Eine zweifelsfreie, detaillierte und lückenlose Beschreibung aller beteiligten Schmerzmechanismen besteht nicht. Homozygote Tiere entwickeln häufig massive Deformationen der Gelenke, radiologisch deutlich veränderte metatarsale und metakarpale Metaphysen, verkürzte Gliedmaßen und teils deformierte Wirbelkörper.[4] Die Schmerzhaftigkeit dieser Missbildungen, zum Teil durch klinisch offensichtliche mechanische Einschränkungen, liegt auf der Hand. Aber auch heterozygote Tiere können unter klinisch und radiologisch deutlichen Veränderungen leiden. Darüber hinaus ist von einer komplexen Kaskade der Schmerzentwicklung auszugehen, die in Teilen den Grundlagen der Osteoarthritis entspricht. Es ist aber auch bekannt, dass TRPV4 eine Rolle bei der Ausbildung einer Hyperalgesie spielt, sodass ein Zusammenhang mit dem Schmerzgeschehen bei der Scottish Fold möglich ist. [3] Aus diesen Gründen unterliegen Scottisch Fold Katzen rechtlichen Einschränkungen und sind von Verbänden teils von der Registrierung ausgeschlossen. Die Zucht ist in mehreren Ländern, basierend auf zum Teil sehr unterschiedlichen Argumentationsketten reglementiert bzw. verboten. Ein Zuchtverbot besteht aktuell unter anderem in Österreich, den Niederlanden und Teilen Belgiens. In Deutschland scheint die Situation weniger eindeutig zu sein, in wenigstens einem Gerichtsurteil wurde die Scottish Fold Zucht aber bereits grundsätzlich als Qualzucht verboten. [6]

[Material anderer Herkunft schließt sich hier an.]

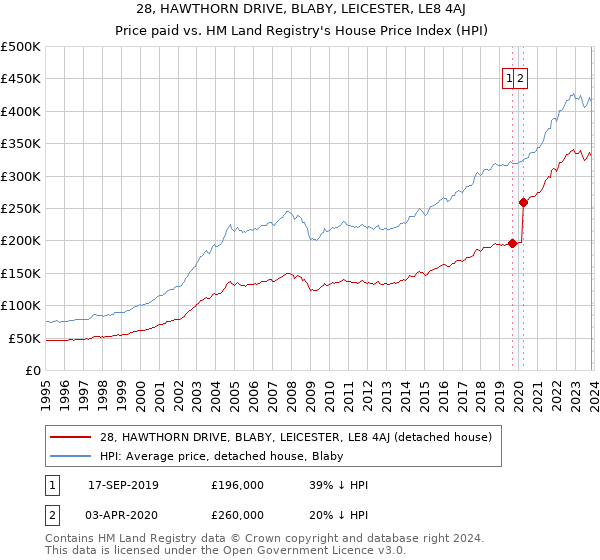 28, HAWTHORN DRIVE, BLABY, LEICESTER, LE8 4AJ: Price paid vs HM Land Registry's House Price Index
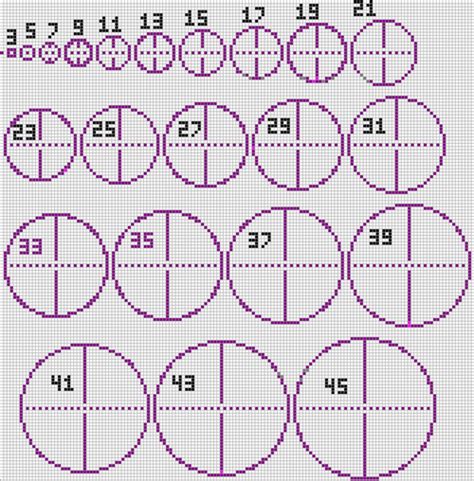 Circle Chart | Minecraft circles, Minecraft castle, Minecraft circle chart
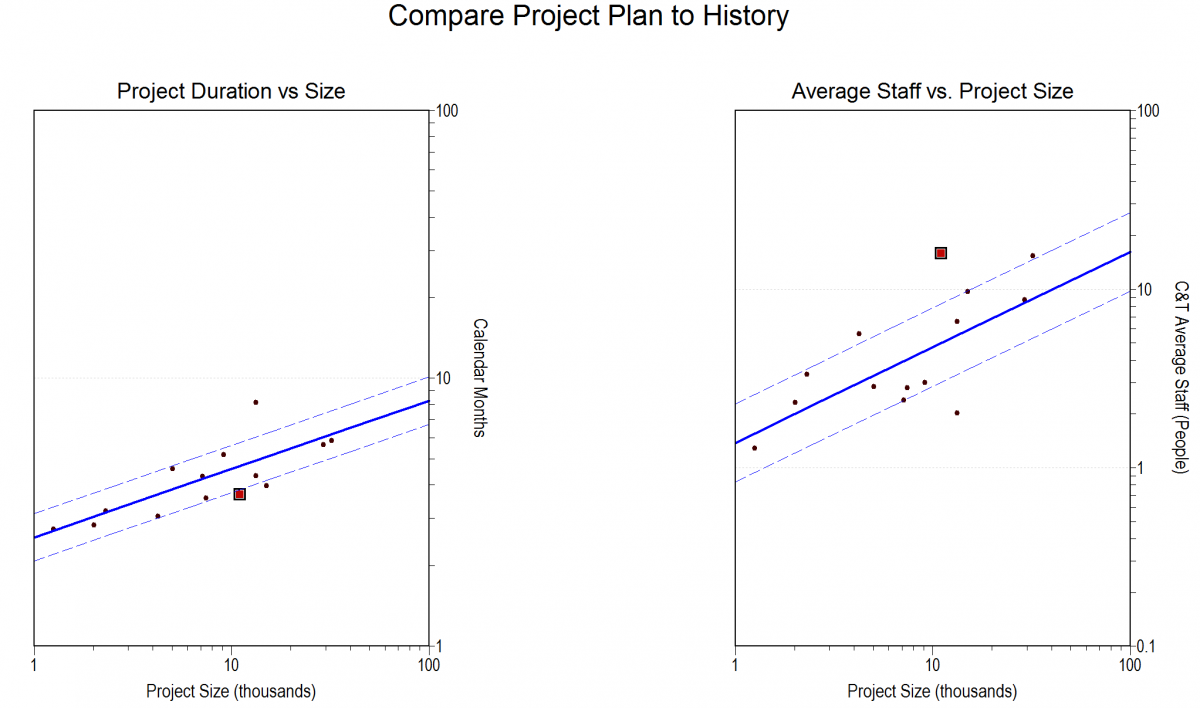 Compare Project Plan to History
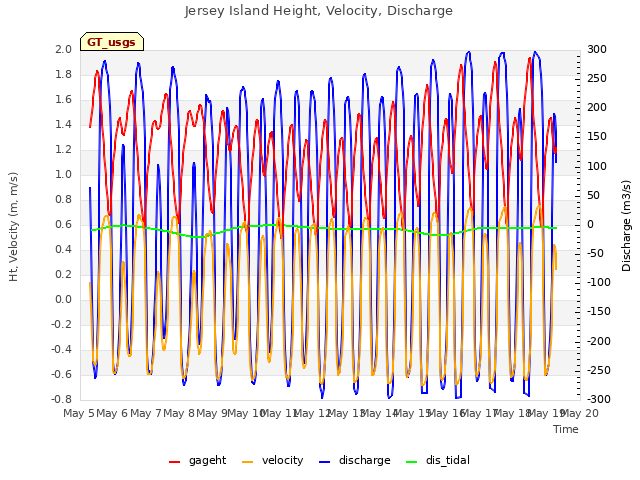 plot of Jersey Island Height, Velocity, Discharge
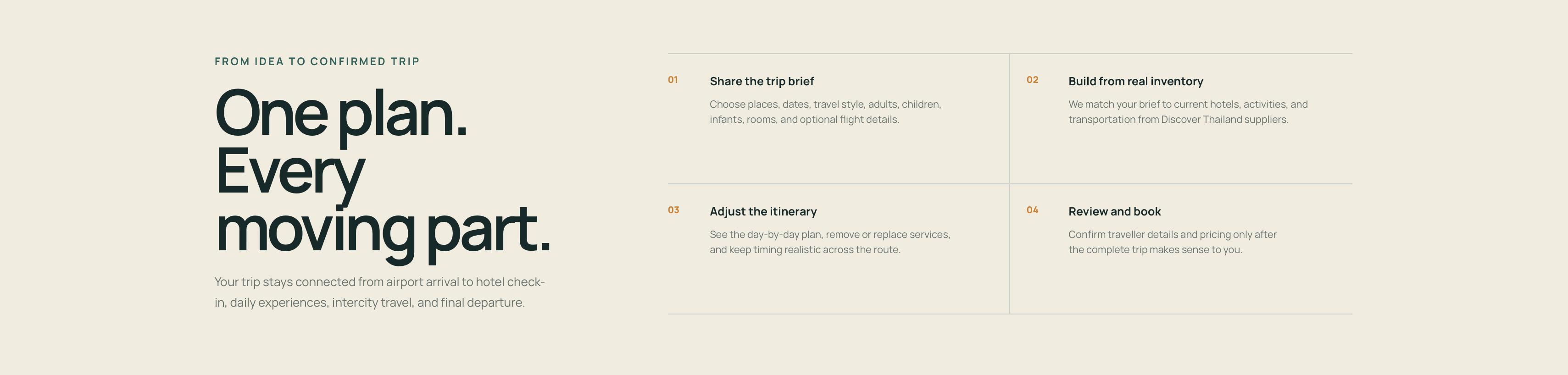 From idea to confirmed trip in four steps, with Google reviews right below.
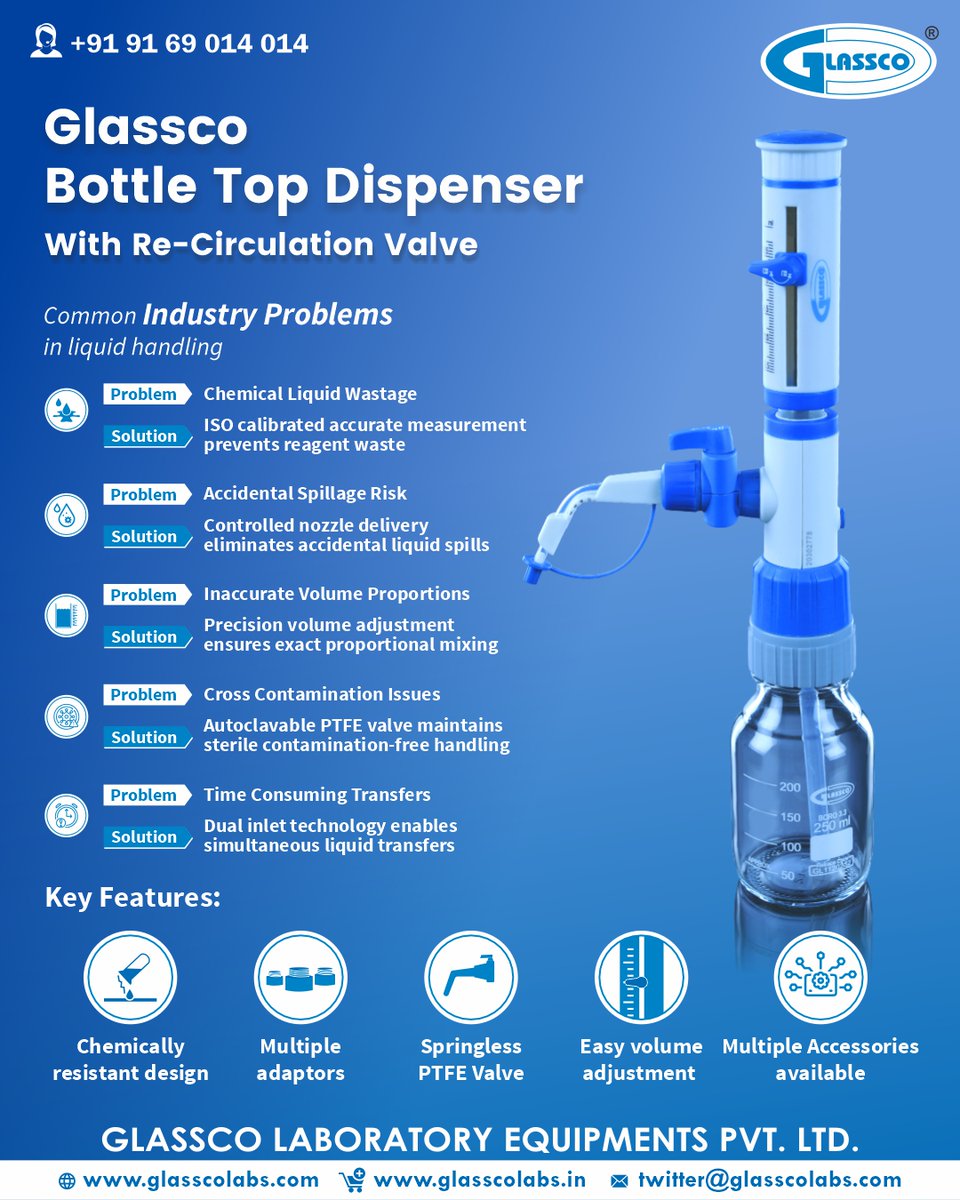 GLASSCOLABS's tweet image. From titration to reagent distribution — one dispenser, countless applications.
Experience accuracy and safety with every use.
#BottleTopDispenser #LiquidHandling #LabSafety  #Glasscolabs.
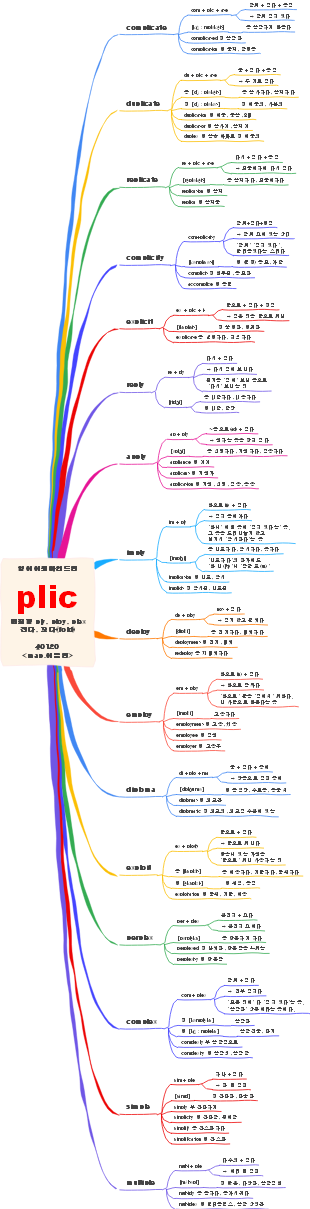 English Etymology Map for "plic"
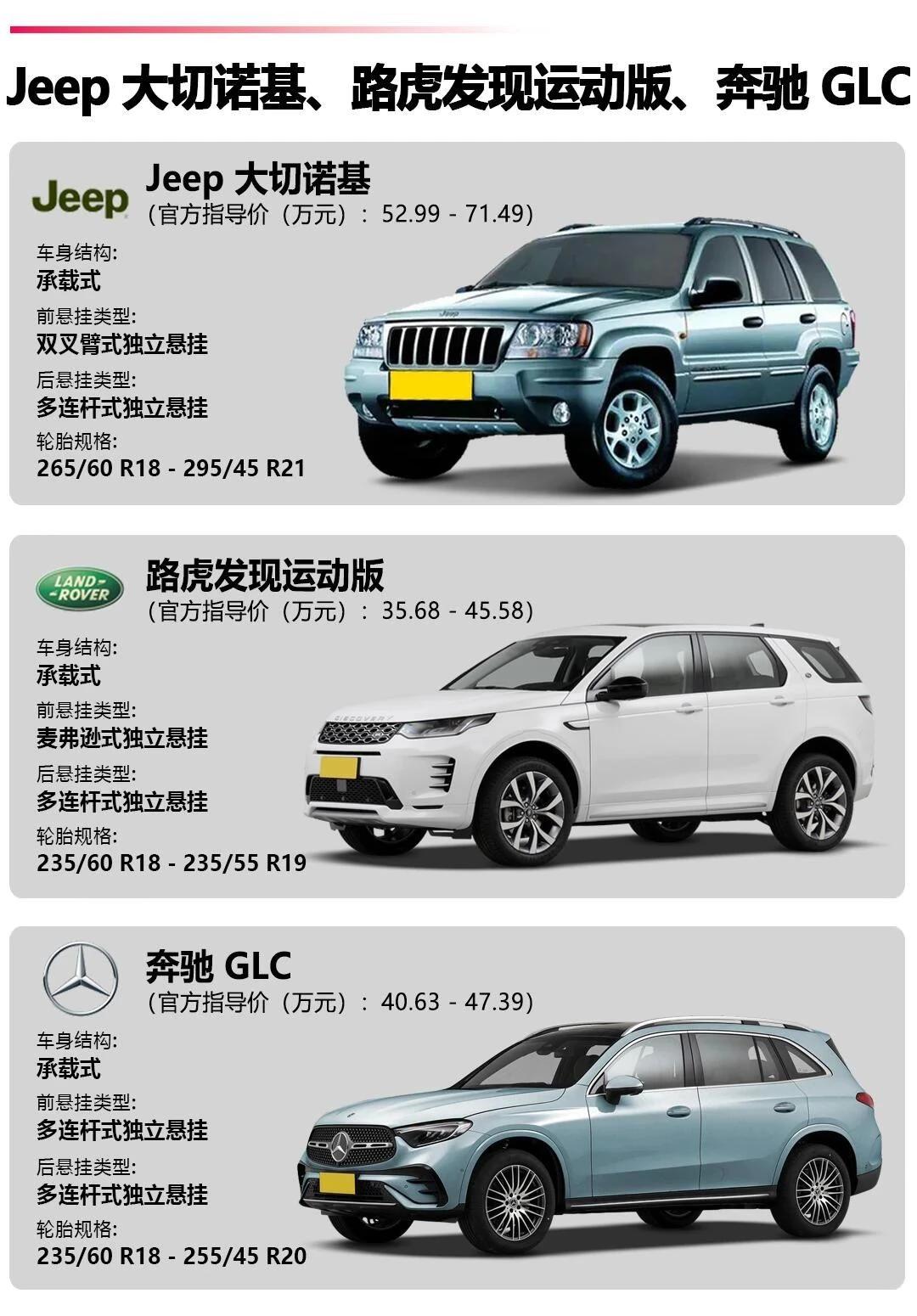 🔥30万级豪华SUV！硬核玩家vs都市精英终极对决
30万级豪华SUV赛道，从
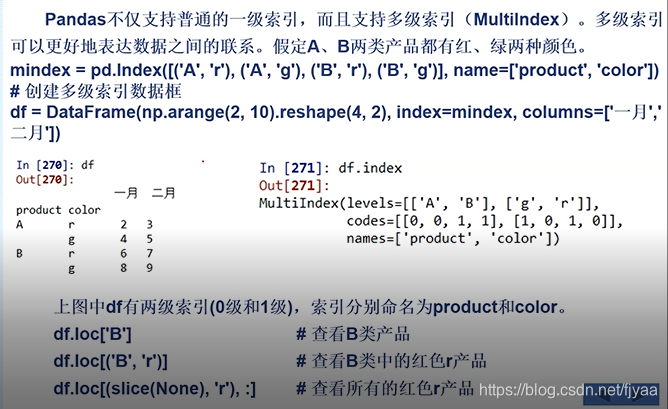## 六、分组统计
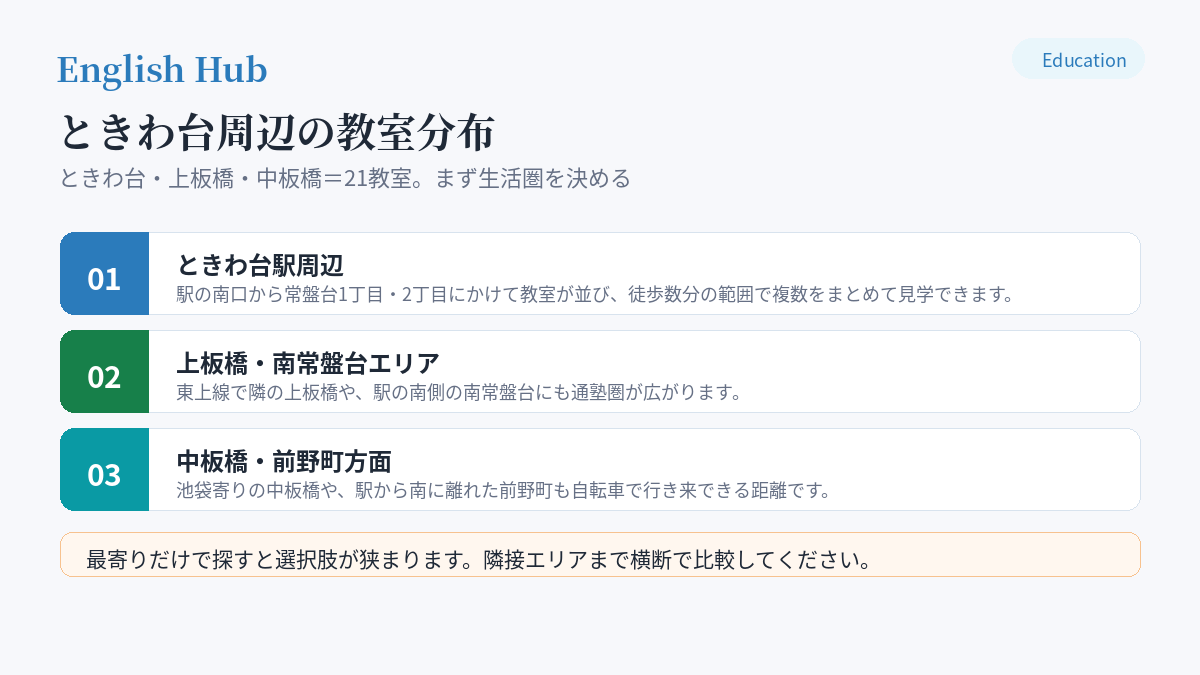 ときわ台周辺の教室分布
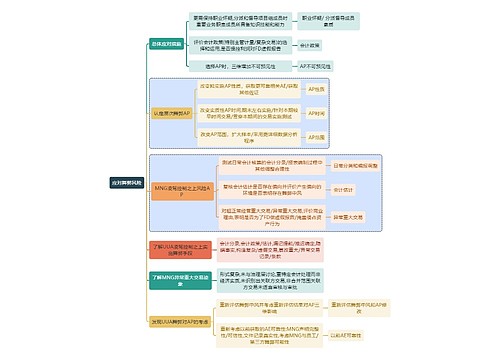 财务审计应对舞弊风险思维导图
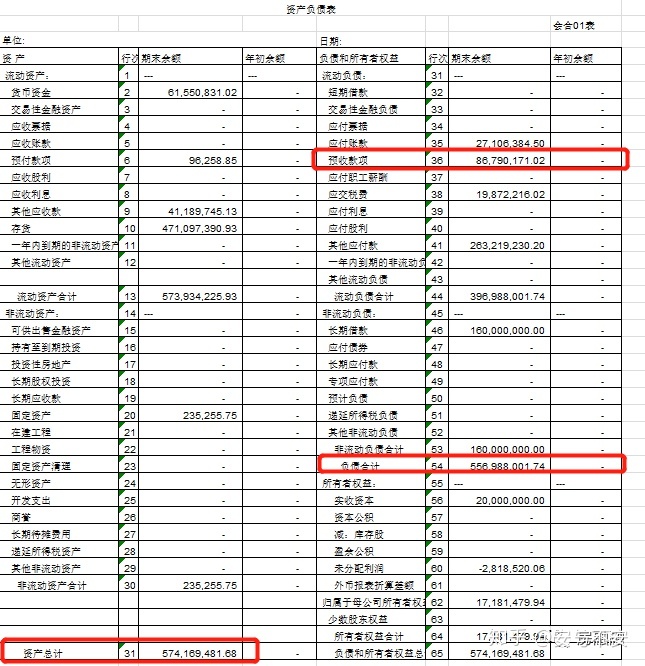 財(cái)務(wù)風(fēng)險(xiǎn)應(yīng)對措施(通信業(yè)\"營改增\"政策分析及稅改風(fēng)險(xiǎn)應(yīng)對措施)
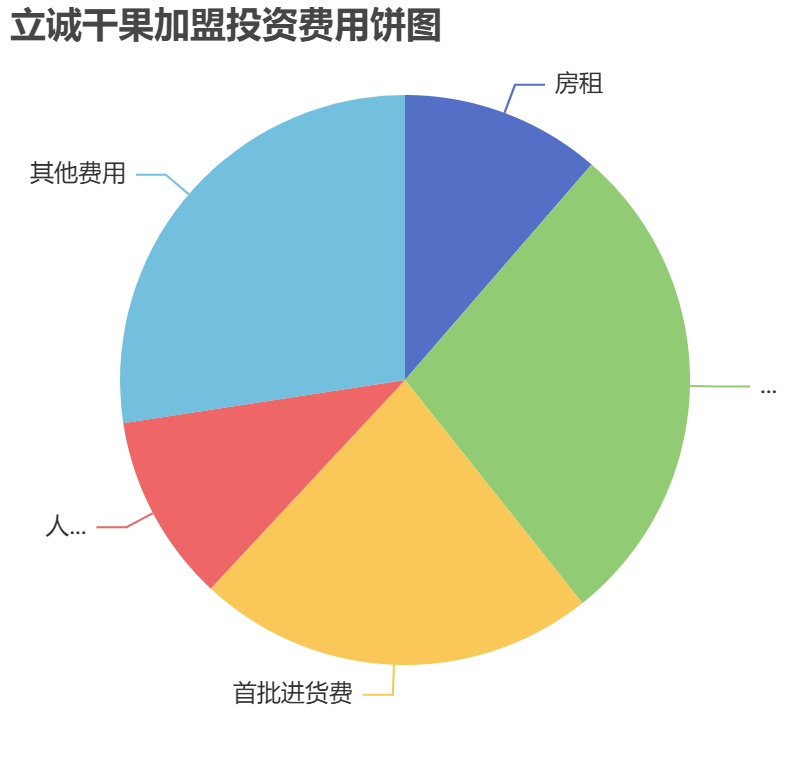立誠干果加盟投資費用餅狀圖表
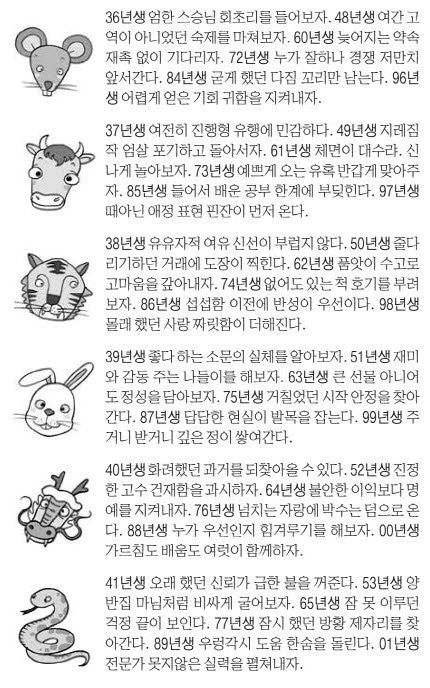 오늘의 운세 2026년 7월 31일 金(음력 6월 18일)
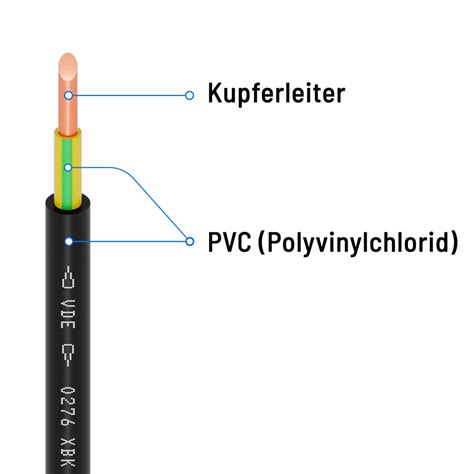 M Starkstromkabel Mm Erdkabel Nyy J Kabel Schwarz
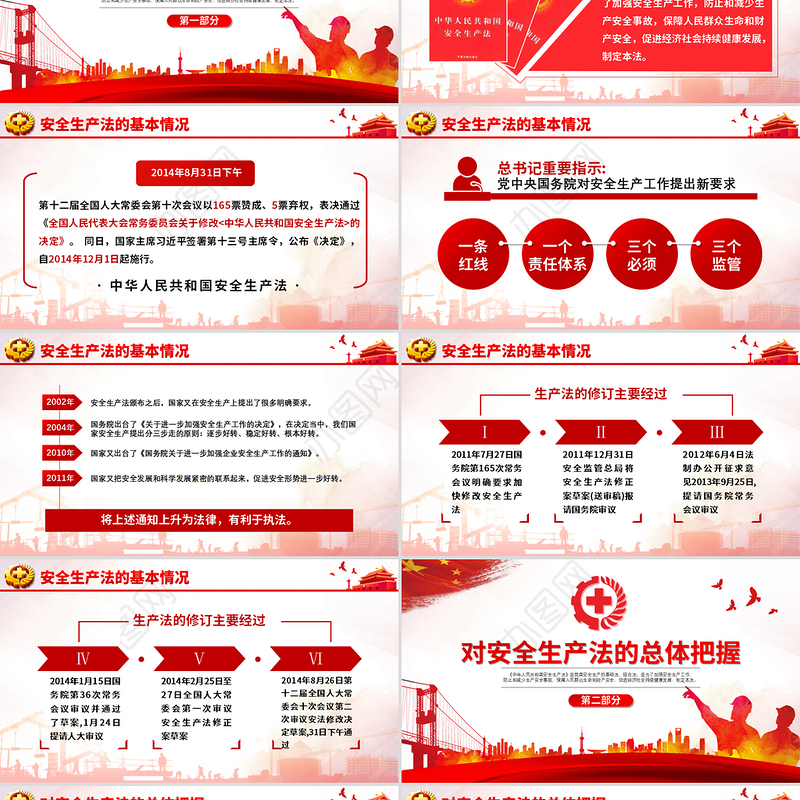 新版《中华人民共和国安全生产法》解读ppt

Therapeutische Optionen bei Osteochondrodysplasie

Die Vorgehensweise bei bestehender Osteochondrodysplasie beruht im Wesentlichen auf einer Kontrolle der Schmerzen und der Begleitumstände, soweit dies möglich ist. Dies schließt nicht nur die gängigen nichtsteroidalen Schmerzmittel und Gabapentinoide ein. Auch die zulassungsüberschreitende Anwendung von Amantadin bzw. Derivaten und der Einsatz monoklonaler Antikörper werden praktiziert und diskutiert. Ergänzungsfuttermittel die chondroprotektive Eigenschaften haben sollen werden eingesetzt, ohne dass ein Nutzen bei der Scottish Fold überzeugend be- oder widerlegt ist. Auch die chirurgische Intervention ist bei massiven mechanischen Einschränkungen beschrieben [8,9]. Darüber hinaus wird der Einsatz der Strahlentherapie zur Schmerzreduktion praktiziert [2,7,9]. Kombinationen unterschiedlicher Therapien werden eingesetzt [9]. Allen Therapieansätzen ist gemein, dass sie eine kurz- bzw. mittelfristige Verbesserung ergeben, die Grundproblematik aber nicht geheilt werden kann und die betroffenen Katzen das Alter gesunder Artgenossen in der Regel nicht erreichen.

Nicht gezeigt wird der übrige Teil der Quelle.